**Task prompt**
In full and without alteration, print the records below, minus any images.

**Records supplied**
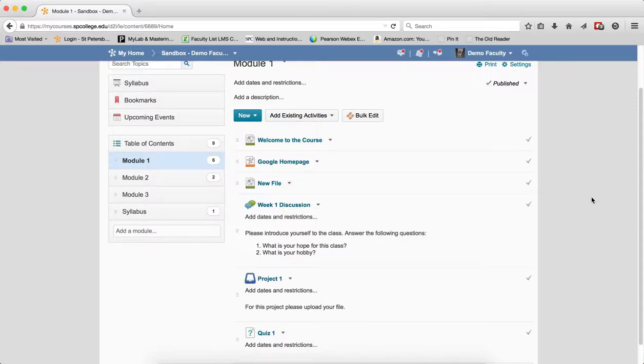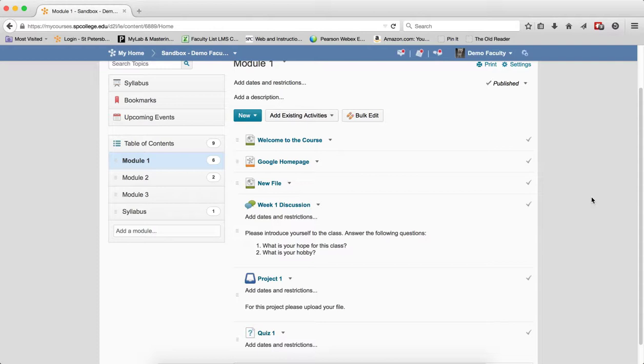Setting start and end dates on discussion topics, drop boxes, and quizzes can be a bit tricky because the behavior of these dates works differently within each tool. Plus, setting up dates for discussion topics can be really confusing.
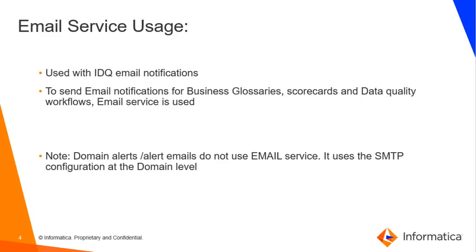In nutshell, email service is used to send email notifications for business glossaries, scorecards, and the workflows. We have to make sure that the email service is enabled as well as the MRS is enabled in the domain if you wish to send out these emails.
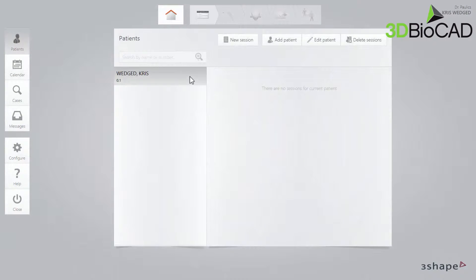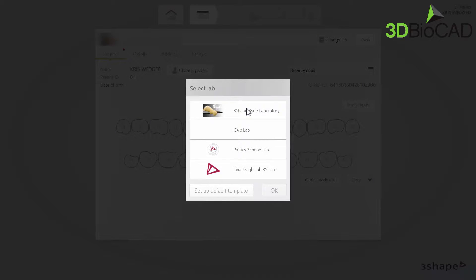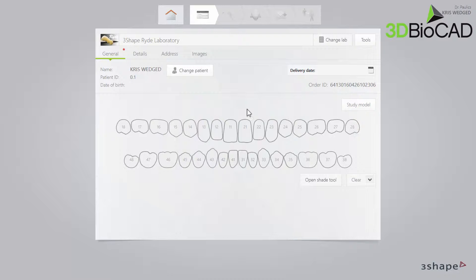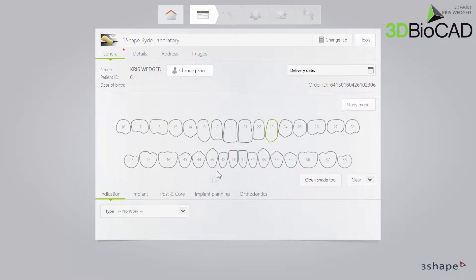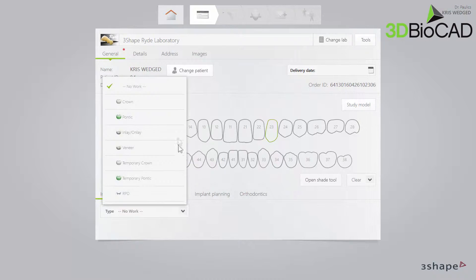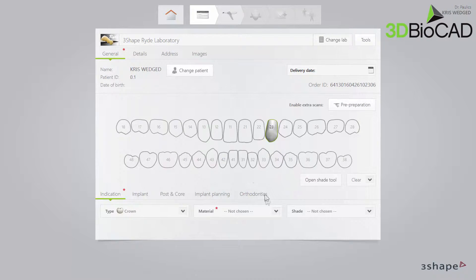Let's illustrate how you may actively use this post-processing when setting the margin line. First we need a scan. Select a patient, create a case and select a lab in the usual manner. Then fill in the order form — select the tooth on which the restoration will be made, the indication, material and other details.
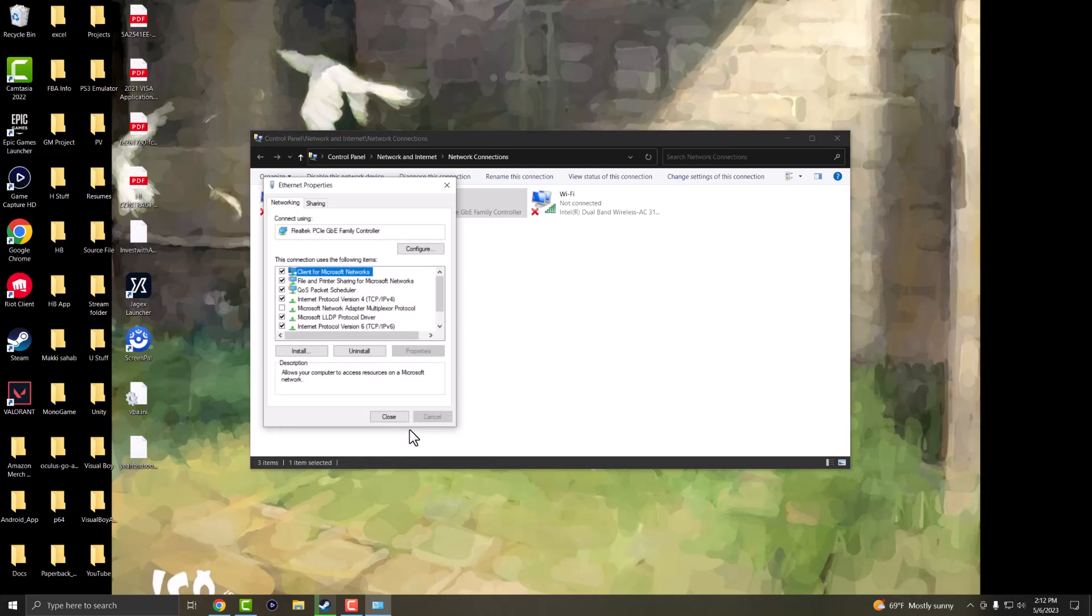This updates your DNS to the fastest possible DNS connection server and you should be good to go and not have these slow download speeds persist any longer. So yeah, that's basically it.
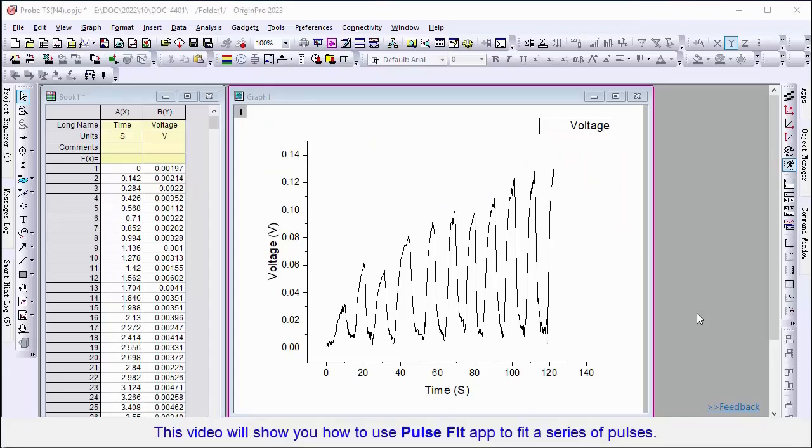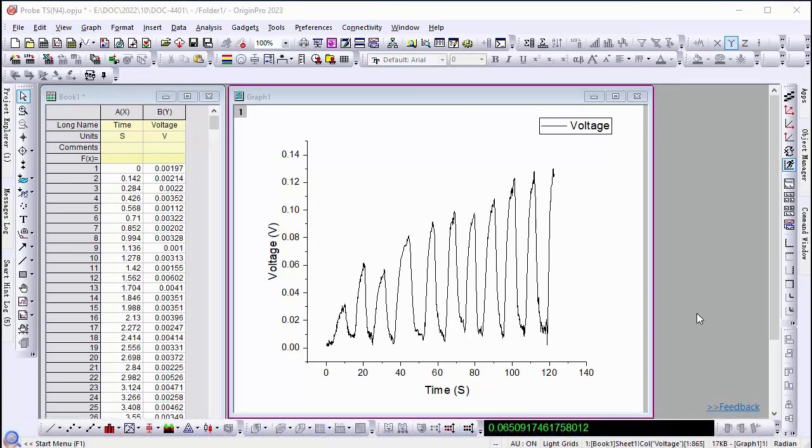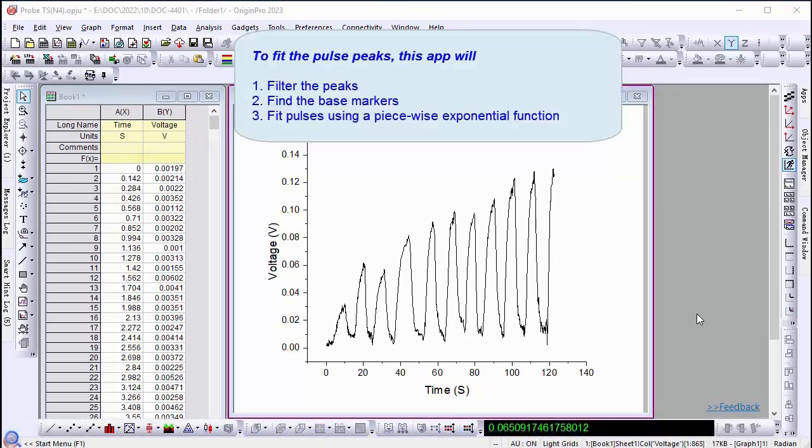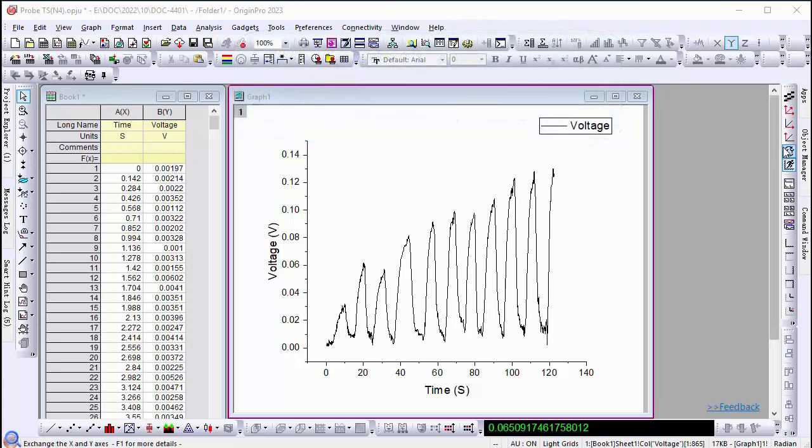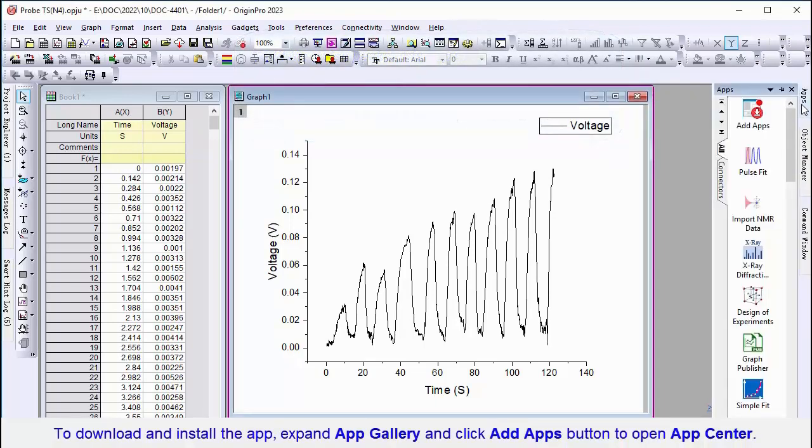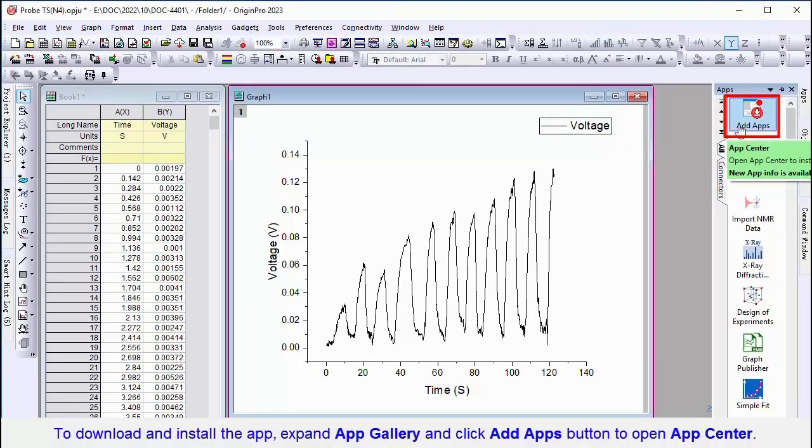PulseFit is an Origin Pro exclusive app used to find the base markers of a series of pulses and fit pulses using an exponential function with growth and decay phases. You can search and install this app in the app gallery.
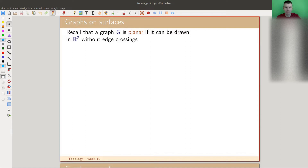Welcome everyone. Thanks for joining me in this unusual setting because of the strike. If you have any questions, feel free to unmute yourself. I would like to come back to something we discussed about two weeks ago, which is the notion of a planar graph and generalize it from what we know by now.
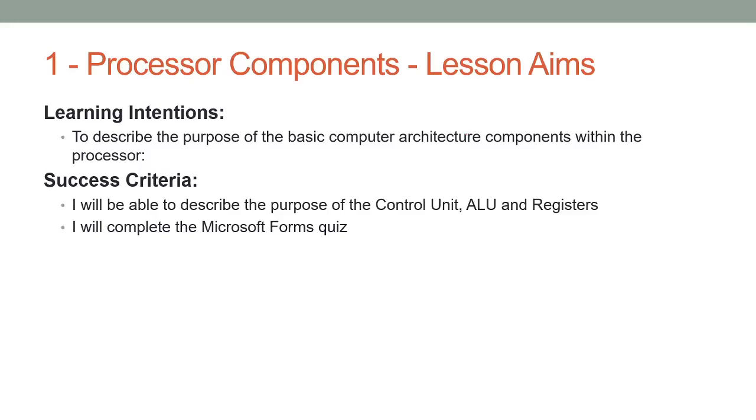In today's lesson we're going to be looking at the processor and its most important parts, in particular the control unit, the ALU, and the registers. By the end of each lesson you should be able to tell each of these apart and there's a little quiz for you to do so I know that you can do it. It's 10 questions, I think 6 of them are multiple choice so it's not that hard.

**Written answer**
Setting start and end dates on discussion topics, drop boxes, and quizzes can be a bit tricky because the behavior of these dates works differently within each tool. Plus, setting up dates for discussion topics can be really confusing.
In nutshell, email service is used to send email notifications for business glossaries, scorecards, and the workflows. We have to make sure that the email service is enabled as well as the MRS is enabled in the domain if you wish to send out these emails.
Let's illustrate how you may actively use this post-processing when setting the margin line. First we need a scan. Select a patient, create a case and select a lab in the usual manner. Then fill in the order form — select the tooth on which the restoration will be made, the indication, material and other details.
This updates your DNS to the fastest possible DNS connection server and you should be good to go and not have these slow download speeds persist any longer. So yeah, that's basically it.
PulseFit is an Origin Pro exclusive app used to find the base markers of a series of pulses and fit pulses using an exponential function with growth and decay phases. You can search and install this app in the app gallery.
Welcome everyone. Thanks for joining me in this unusual setting because of the strike. If you have any questions, feel free to unmute yourself. I would like to come back to something we discussed about two weeks ago, which is the notion of a planar graph and generalize it from what we know by now.
In today's lesson we're going to be looking at the processor and its most important parts, in particular the control unit, the ALU, and the registers. By the end of each lesson you should be able to tell each of these apart and there's a little quiz for you to do so I know that you can do it. It's 10 questions, I think 6 of them are multiple choice so it's not that hard.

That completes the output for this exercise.